The three brothers, at an early age, decided upon a career at sea as
many other young Caernarfon lads did at that time. Charles and Richard joined the Merchant Navy during World War 1 and with the youngest brother Bob, following their footsteps shortly after the end of the war, but all three returned to their home town early in the 1920's.
Charles was the first to return and he started up in business by hiring rowing boats in Porth yr Aur and in 1927, the year their father died, Richard was fortunate in securing a contract to transport materials to and from the castle by the then Ministry of Works. On the strength of this he bought a lorry which gave birth to a successful business called "Pritchard Brothers, Removals" in partnership with his younger brother Bob. Charles also joined them and his duties were shared between boat hiring and work locally including meeting the first train to arrive at Caernarfon Station early every morning.

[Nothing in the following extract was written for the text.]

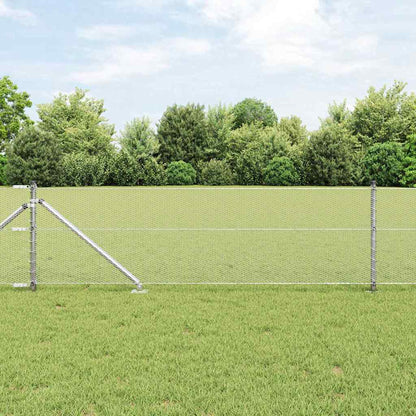 Palo della recinzione Argento 10 x 0,6 m (rete 13 mm) Acciaio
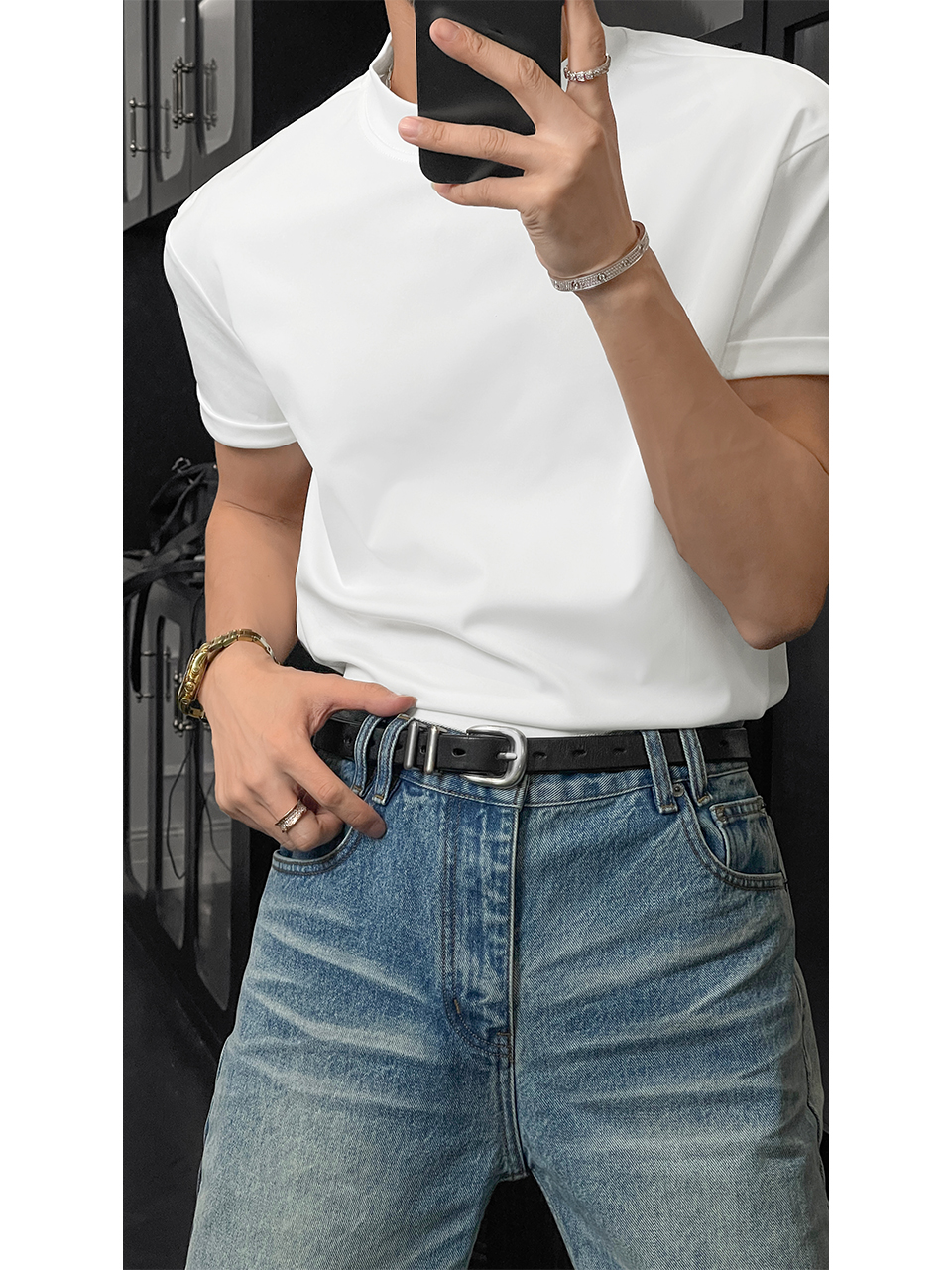 Loose Fit Half-High Neck Short Sleeve T-Shirt - Breathable American Sports Style, Trendy Summer Fashion for Versatile Looks Loose Fit Half-High Neck Short Sleeve T-Shirt - Breathable American Sports Style, Trendy Summer Fashion for Versatile Looks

However, to return to the names of those who ran the Aber or Coed Helen Ferry, one will undoubtedly have realized by now that there were two persons named David Pritchard, who spent years transporting passengers across the mouth of the Seiont Estuary, which prompts the question - Which one was the original Dafydd 'R Aber to the natives of the town? Was it the father, David Pritchard, (1808 - 1884) or was it David Charles Pritchard, (1851 - 1927)? And to whom does the ditty "Mae cwch Dafydd 'R Aber ar y môr, which has been sung by generations of Caernarfon children, refer? While researching for information about this family, Councillor Richard Bonner Pritchard gave me a copy of a painting of his great grandfather and on the back of the painting the following words are inscribed:
DAVID PRITCHARD 1808 - 1884
This may hold the answer to the question and that the ditty dates back to the third or even last quarter of the 19th century. Who knows?
There are usually 4 verses to the ditty:
1) Mae cwch Dafydd 'R Abar ar y môr, mae cwch Dafydd 'R Abar ar y môr.
O mae cwch Dafydd 'R Abar, cwch Dafydd 'R Abar, O mae cwch Dafydd 'R Abar ar y môr.
2) Mae'n llawn o benwaig cochion medda nhw, mae'n llawn o benwaig cochion medda nhw, mae'n llawn o benwaig cochion, llawn o benwaig cochion, mae'n llawn o benwaig cochion medda nhw.
3) A rheini wedi drewi medda nhw, a rheini wedi drewi medda nhw, a rheini wedi drewi, rheini wedi drewi, rheini wedi drewi medda nhw.
4) Mae nhw'n ddigon da i'r Saeson medda nhw, mae nhw'n ddigon da i'r Saeson medda nhw, mae nhw'n ddigon da i'r Saeson, digon da i'r Saeson, mae nhw'n ddigon da i'r Saeson medda nhw.
and they can be translated thus:
1) Dafydd 'R Aber's boat is on the sea. Dafydd 'R Aber's boat is on the sea. O-oh! Dafydd 'R Aber's bo-at, Dafydd 'R Aber's boat, Dafydd 'R Aber's boat is on the sea.
2) It is full of red herrings, so they say, it is full of red herrings, so they say, it is full of red herrings, full of red herrings, full of red herrings so they say.
3)And they are truly stinking, so they say, they are truly stinking so they say, O-oh! they are truly stinking, they are truly stinking, they are truly stinking so they say.
4) They are good enough for the English, so they say, they are good enough for the English, so they say. They are good enough for the English, good enough for the English, good enough for the English, so they say.